Captain Templeton had just won a seat for his party in a three-cornered contest. He detailed with considerable verve the intrigues necessary to induce a labor candidate to run and split the vote. The Liberal's wife had social ambitions. "I hope we shall meet in town, Captain Templeton," she had said after the poll. "We're Liberal; but naturally most of our friends are on your side of the house."
At the top of the table, with his noble old ivory-white face, silver hair, and limitless shirt-front, their host sat, a fine flower of democracy, and enjoyed his daughter's social success. His ponderous civilities failed to absorb the little Italian marchesina on his right (Gioconda, they say, of the Fool's Errand). Her heart was at the noisy end of the table; continually, at some new outburst, she would clap her tiny ringed hands autocratically for silence. "What is this? What is this? I have not heard well." Things had to be repeated, explained, for her benefit.

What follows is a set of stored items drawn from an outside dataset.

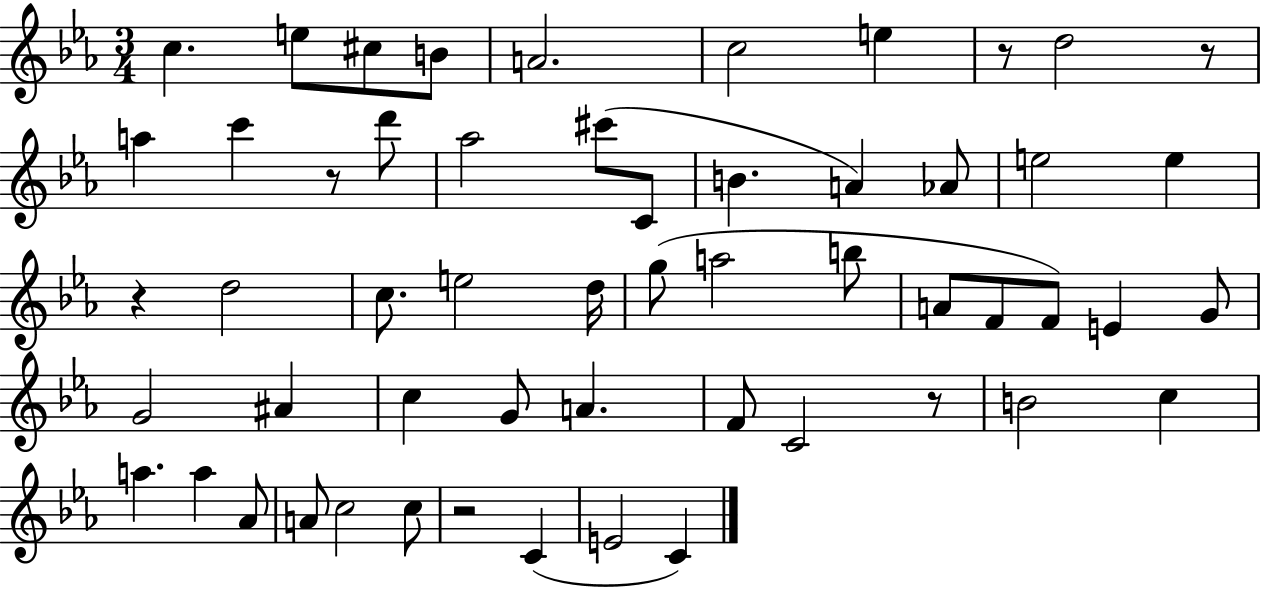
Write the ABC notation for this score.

X:1
T:Untitled
M:3/4
L:1/4
K:Eb
c e/2 ^c/2 B/2 A2 c2 e z/2 d2 z/2 a c' z/2 d'/2 _a2 ^c'/2 C/2 B A _A/2 e2 e z d2 c/2 e2 d/4 g/2 a2 b/2 A/2 F/2 F/2 E G/2 G2 ^A c G/2 A F/2 C2 z/2 B2 c a a _A/2 A/2 c2 c/2 z2 C E2 C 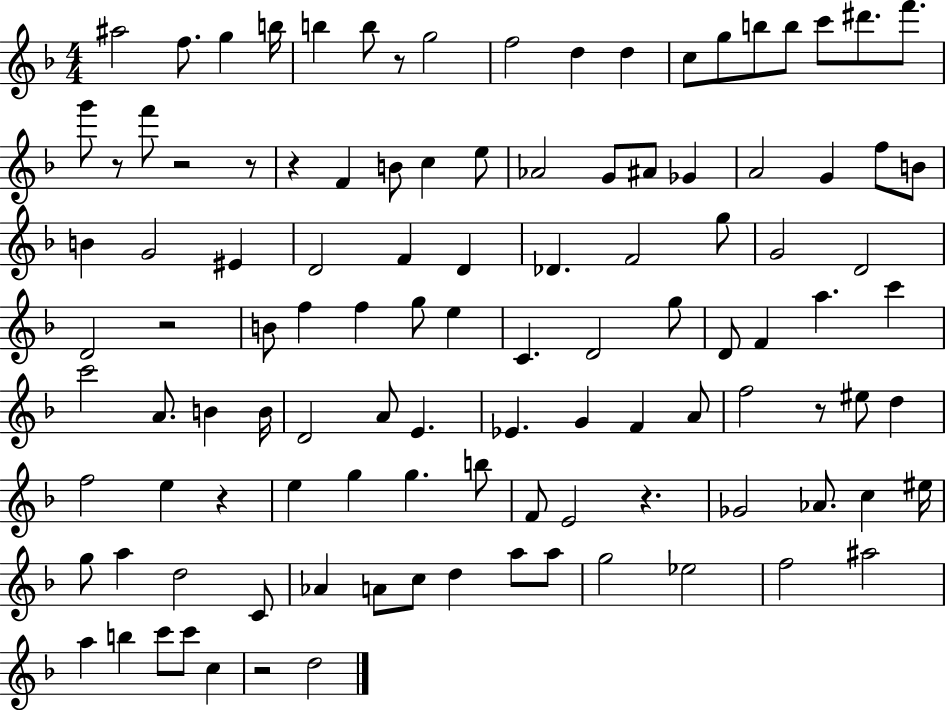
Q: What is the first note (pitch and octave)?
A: A#5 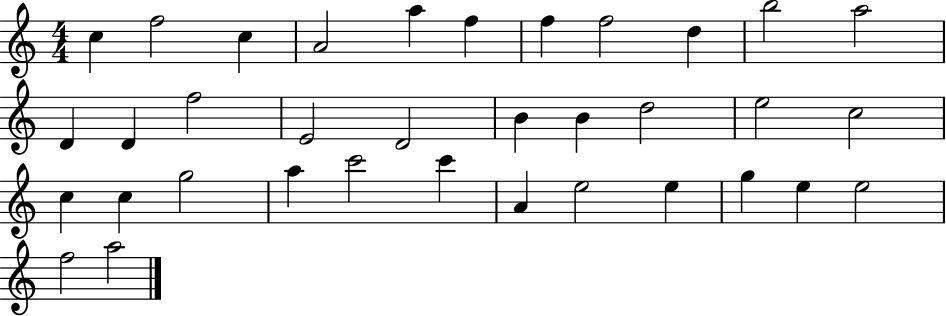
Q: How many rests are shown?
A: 0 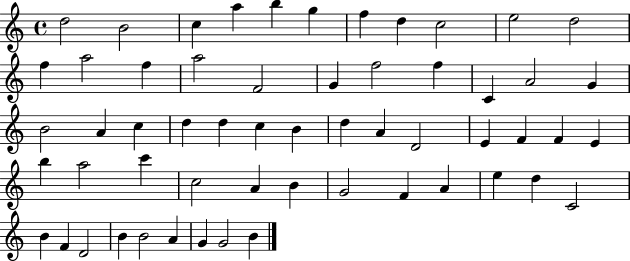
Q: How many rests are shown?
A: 0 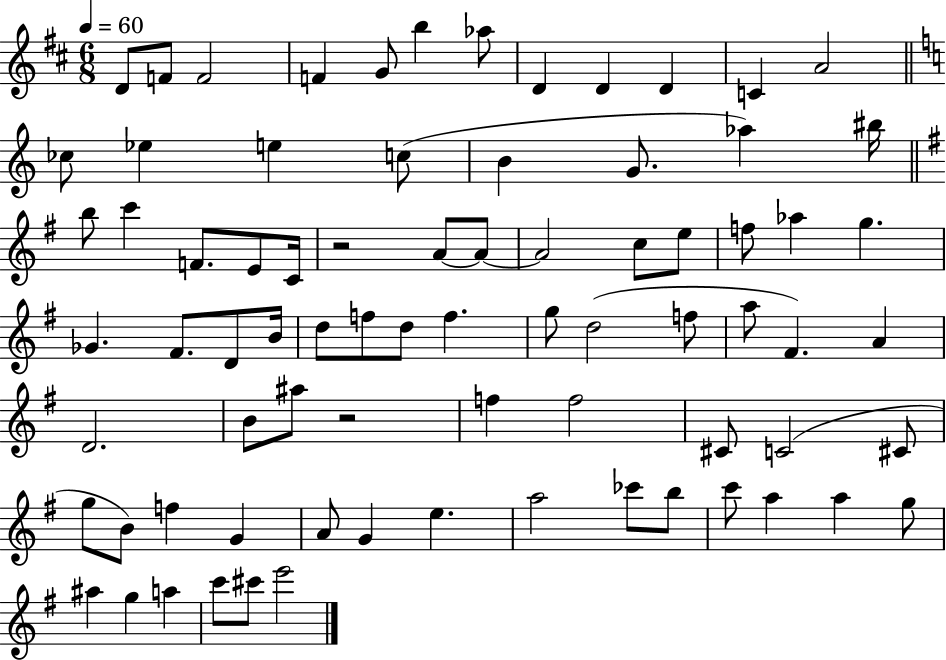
D4/e F4/e F4/h F4/q G4/e B5/q Ab5/e D4/q D4/q D4/q C4/q A4/h CES5/e Eb5/q E5/q C5/e B4/q G4/e. Ab5/q BIS5/s B5/e C6/q F4/e. E4/e C4/s R/h A4/e A4/e A4/h C5/e E5/e F5/e Ab5/q G5/q. Gb4/q. F#4/e. D4/e B4/s D5/e F5/e D5/e F5/q. G5/e D5/h F5/e A5/e F#4/q. A4/q D4/h. B4/e A#5/e R/h F5/q F5/h C#4/e C4/h C#4/e G5/e B4/e F5/q G4/q A4/e G4/q E5/q. A5/h CES6/e B5/e C6/e A5/q A5/q G5/e A#5/q G5/q A5/q C6/e C#6/e E6/h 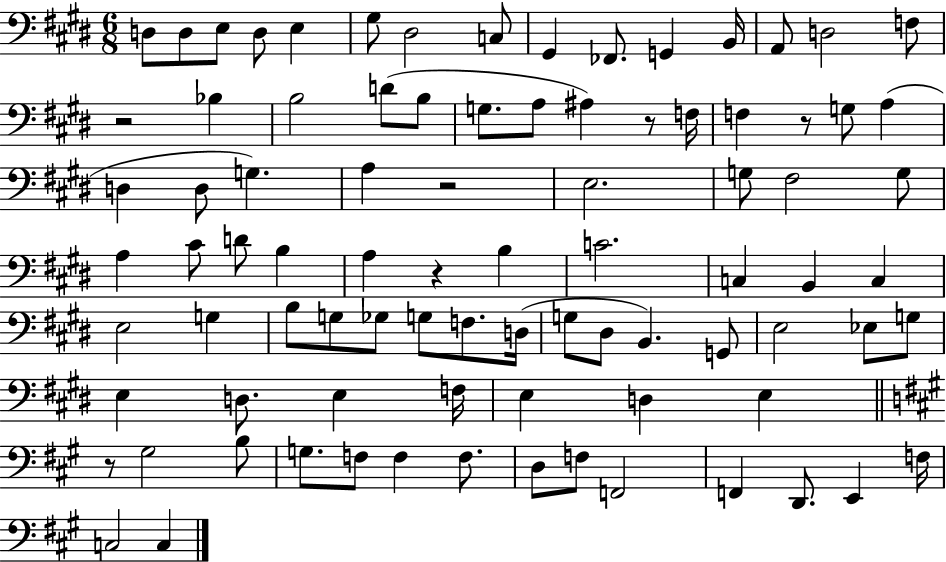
D3/e D3/e E3/e D3/e E3/q G#3/e D#3/h C3/e G#2/q FES2/e. G2/q B2/s A2/e D3/h F3/e R/h Bb3/q B3/h D4/e B3/e G3/e. A3/e A#3/q R/e F3/s F3/q R/e G3/e A3/q D3/q D3/e G3/q. A3/q R/h E3/h. G3/e F#3/h G3/e A3/q C#4/e D4/e B3/q A3/q R/q B3/q C4/h. C3/q B2/q C3/q E3/h G3/q B3/e G3/e Gb3/e G3/e F3/e. D3/s G3/e D#3/e B2/q. G2/e E3/h Eb3/e G3/e E3/q D3/e. E3/q F3/s E3/q D3/q E3/q R/e G#3/h B3/e G3/e. F3/e F3/q F3/e. D3/e F3/e F2/h F2/q D2/e. E2/q F3/s C3/h C3/q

Paul was nearest the door, and rose to open it as the women passed out. His hostess, who had barely addressed a word to him during dinner, bent forward as she passed and reminded him of his promise. Lumsden was the only man who seemed to notice the incident; and Ingram thought he caught the tail end of a look of intelligence as he returned to the table. But it was gone instantly, and presently the men drew to the side next the fire and began to talk tariffs. Tongue-tied amidst the women's chatter, their host easily dominated the conversation now. He spoke of Republican prospects at the Mid-West conventions, their intimate association with business prosperity, discussed the new influences at Washington with good-natured banter, predicted worse times before a "banner-year," hinted what was worth watching meantime. The men listened to him intently—even Lumsden—carelessly, sipping their coffee or rolling their liqueurs round and round in tiny gilt glasses. Every word was golden now. Art, literature, philosophy, all the visions that visit an idle mood, blew off like mists when the sun mounts the sky. Paul, watching him in silence, felt an involuntary respect, a pride despite himself, in their common nationality.

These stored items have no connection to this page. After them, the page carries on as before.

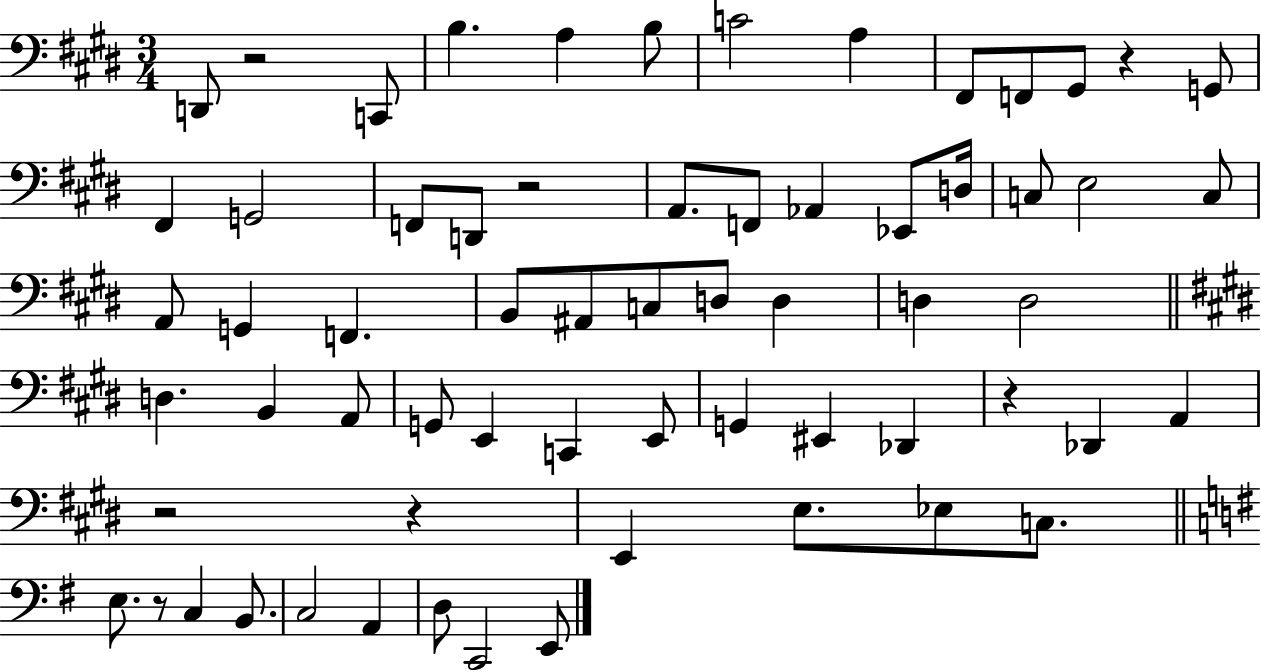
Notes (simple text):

D2/e R/h C2/e B3/q. A3/q B3/e C4/h A3/q F#2/e F2/e G#2/e R/q G2/e F#2/q G2/h F2/e D2/e R/h A2/e. F2/e Ab2/q Eb2/e D3/s C3/e E3/h C3/e A2/e G2/q F2/q. B2/e A#2/e C3/e D3/e D3/q D3/q D3/h D3/q. B2/q A2/e G2/e E2/q C2/q E2/e G2/q EIS2/q Db2/q R/q Db2/q A2/q R/h R/q E2/q E3/e. Eb3/e C3/e. E3/e. R/e C3/q B2/e. C3/h A2/q D3/e C2/h E2/e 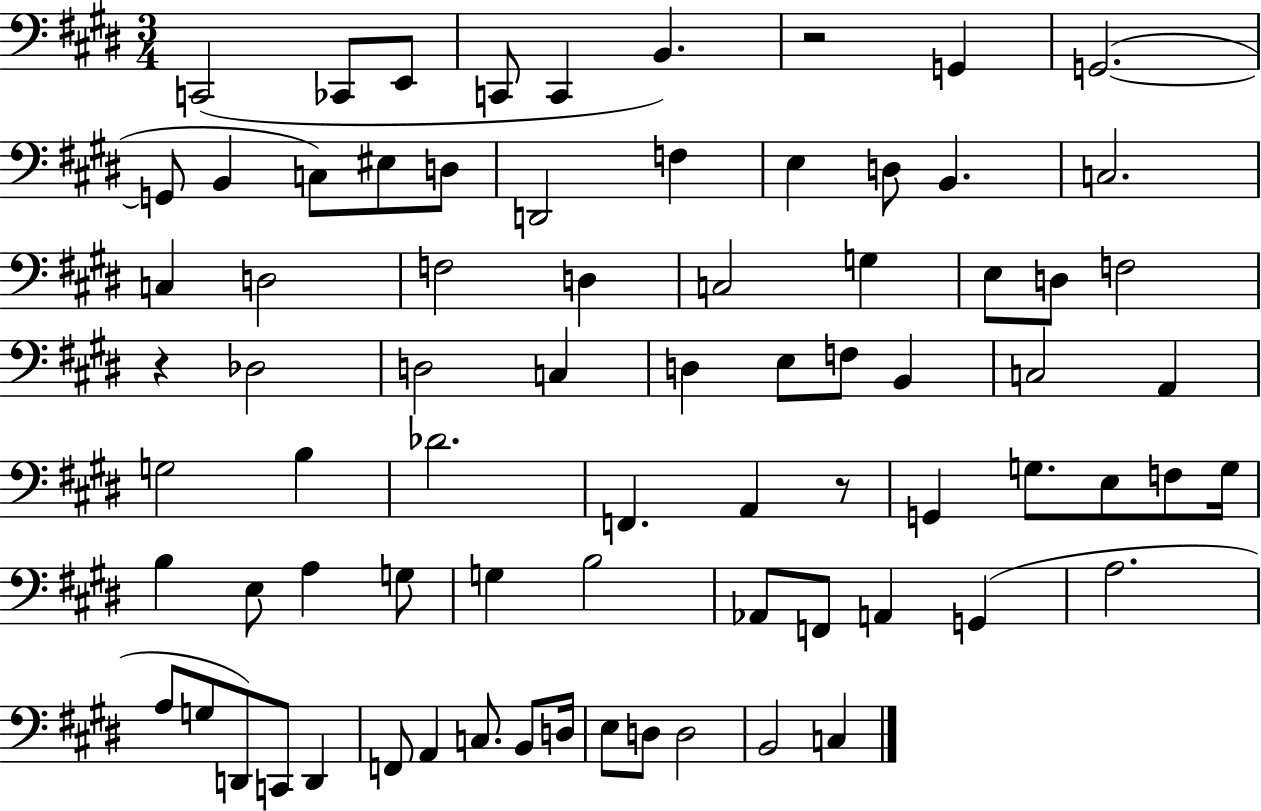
C2/h CES2/e E2/e C2/e C2/q B2/q. R/h G2/q G2/h. G2/e B2/q C3/e EIS3/e D3/e D2/h F3/q E3/q D3/e B2/q. C3/h. C3/q D3/h F3/h D3/q C3/h G3/q E3/e D3/e F3/h R/q Db3/h D3/h C3/q D3/q E3/e F3/e B2/q C3/h A2/q G3/h B3/q Db4/h. F2/q. A2/q R/e G2/q G3/e. E3/e F3/e G3/s B3/q E3/e A3/q G3/e G3/q B3/h Ab2/e F2/e A2/q G2/q A3/h. A3/e G3/e D2/e C2/e D2/q F2/e A2/q C3/e. B2/e D3/s E3/e D3/e D3/h B2/h C3/q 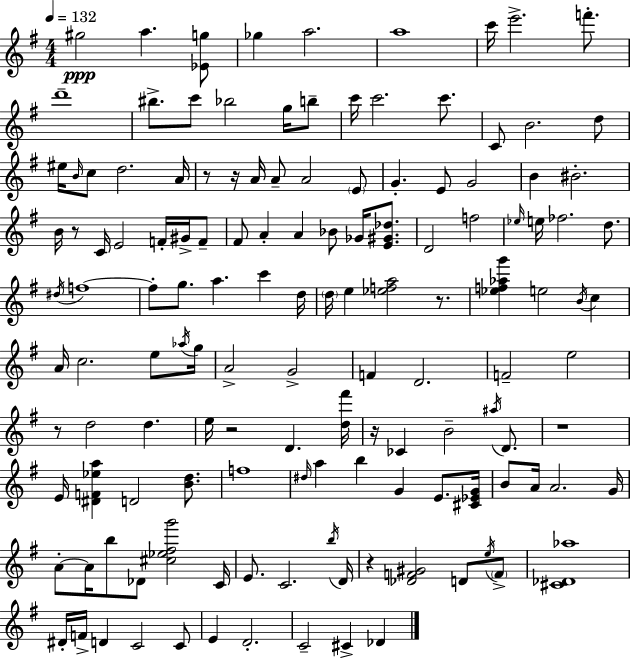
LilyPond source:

{
  \clef treble
  \numericTimeSignature
  \time 4/4
  \key e \minor
  \tempo 4 = 132
  \repeat volta 2 { gis''2\ppp a''4. <ees' g''>8 | ges''4 a''2. | a''1 | c'''16 e'''2.-> f'''8.-. | \break d'''1-- | bis''8.-> c'''8 bes''2 g''16 b''8-- | c'''16 c'''2. c'''8. | c'8 b'2. d''8 | \break eis''16 \grace { b'16 } c''8 d''2. | a'16 r8 r16 a'16 a'8-- a'2 \parenthesize e'8 | g'4.-. e'8 g'2 | b'4 bis'2.-. | \break b'16 r8 c'16 e'2 f'16-. gis'16-> f'8-- | fis'8 a'4-. a'4 bes'8 ges'16 <e' gis' des''>8. | d'2 f''2 | \grace { ees''16 } e''16 fes''2. d''8. | \break \acciaccatura { dis''16 } f''1~~ | f''8-. g''8. a''4. c'''4 | d''16 \parenthesize d''16 e''4 <ees'' f'' a''>2 | r8. <ees'' f'' aes'' g'''>4 e''2 \acciaccatura { b'16 } | \break c''4 a'16 c''2. | e''8 \acciaccatura { aes''16 } g''16 a'2-> g'2-> | f'4 d'2. | f'2-- e''2 | \break r8 d''2 d''4. | e''16 r2 d'4. | <d'' fis'''>16 r16 ces'4 b'2-- | \acciaccatura { ais''16 } d'8. r1 | \break e'16 <dis' f' ees'' a''>4 d'2 | <b' d''>8. f''1 | \grace { dis''16 } a''4 b''4 g'4 | e'8. <cis' ees' g'>16 b'8 a'16 a'2. | \break g'16 a'8-.~~ a'16 b''8 des'8 <cis'' ees'' fis'' g'''>2 | c'16 e'8. c'2. | \acciaccatura { b''16 } d'16 r4 <des' f' gis'>2 | d'8 \acciaccatura { e''16 } \parenthesize f'8-> <cis' des' aes''>1 | \break dis'16-. f'16-> d'4 c'2 | c'8 e'4 d'2.-. | c'2-- | cis'4-> des'4 } \bar "|."
}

"You're force," he was saying to himself, "blind Titanic force—that's what you are. And our business is with you and not with this trash that cumbers the ground and obscures the issue; these parasites, who imagine the things their own hearts covet were the incentive to men like yourself, who corrupt you because they fear you, and with grave, attentive faces are trying to make you believe now that there's great personal merit in what you've been doing. You've sucked up riches from a disorganized society that your energy took unawares, because you couldn't help it, and you spend it on yourselves because you don't know any better way. Well, we must show you one. The force that creates, the wisdom that could distribute—these two are groping for each other through a maze of laws, human and divine, that the world has outgrown. They must mingle, must come together, must interpenetrate, and if priests and judges hinder, then priests and judges must go. They were made for man, not man for them."

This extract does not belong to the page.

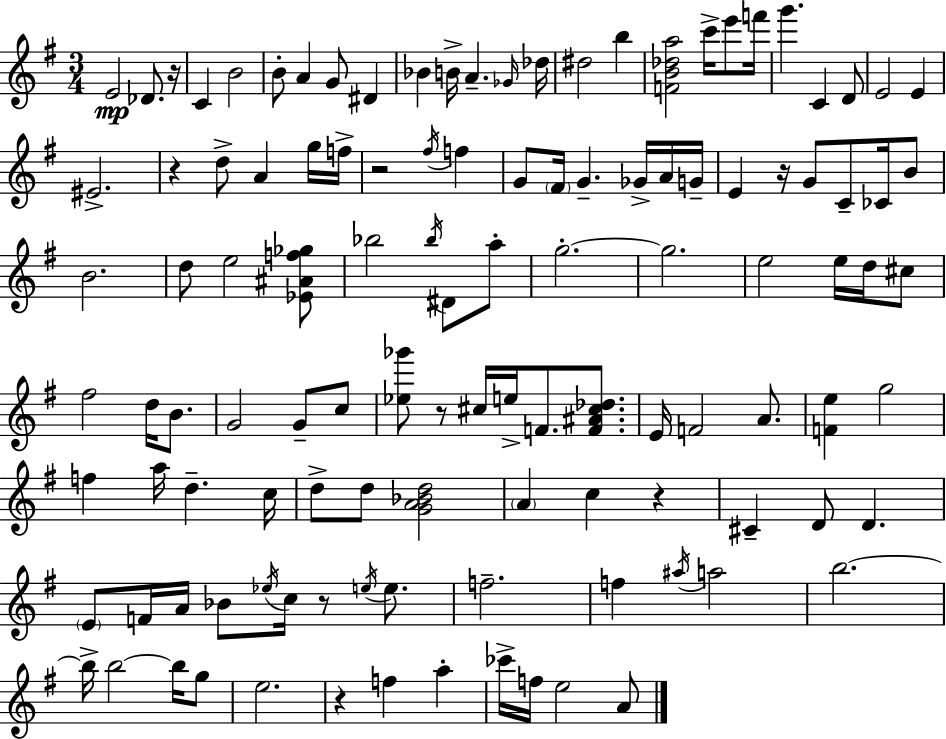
E4/h Db4/e. R/s C4/q B4/h B4/e A4/q G4/e D#4/q Bb4/q B4/s A4/q. Gb4/s Db5/s D#5/h B5/q [F4,B4,Db5,A5]/h C6/s E6/e F6/s G6/q. C4/q D4/e E4/h E4/q EIS4/h. R/q D5/e A4/q G5/s F5/s R/h F#5/s F5/q G4/e F#4/s G4/q. Gb4/s A4/s G4/s E4/q R/s G4/e C4/e CES4/s B4/e B4/h. D5/e E5/h [Eb4,A#4,F5,Gb5]/e Bb5/h Bb5/s D#4/e A5/e G5/h. G5/h. E5/h E5/s D5/s C#5/e F#5/h D5/s B4/e. G4/h G4/e C5/e [Eb5,Gb6]/e R/e C#5/s E5/s F4/e. [F4,A#4,C#5,Db5]/e. E4/s F4/h A4/e. [F4,E5]/q G5/h F5/q A5/s D5/q. C5/s D5/e D5/e [G4,A4,Bb4,D5]/h A4/q C5/q R/q C#4/q D4/e D4/q. E4/e F4/s A4/s Bb4/e Eb5/s C5/s R/e E5/s E5/e. F5/h. F5/q A#5/s A5/h B5/h. B5/s B5/h B5/s G5/e E5/h. R/q F5/q A5/q CES6/s F5/s E5/h A4/e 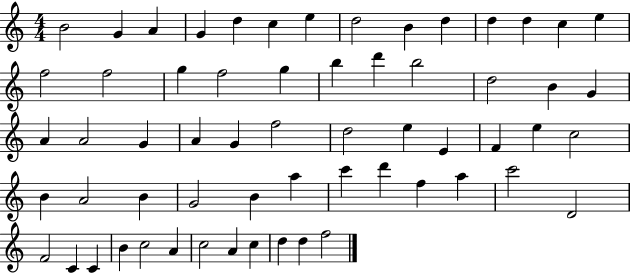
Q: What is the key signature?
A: C major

"... so if you've bought warrants at sixty-three merely on the report of divisions inside the amalgamation, you haven't done badly, Lumsden. And now, Lord Hatherley, what do you say? Shall we join the ladies upstairs?"
An hour later Ingram was alone with his host and hostess. His presence, ami de maison as he had become, did not restrain Mr. Rees from a palpable yawn.
"You look tired, father," said Althea, putting her arm over his broad shoulder. "What are you going to do? Mr. Ingram and I have something to talk over."
"I think I shall read Lew Wallace for half an hour, honey, and then go to bed. Have my hot milk sent to the study."
"Let us go upstairs to my own room," said Althea, when he was gone. "I can always talk better there."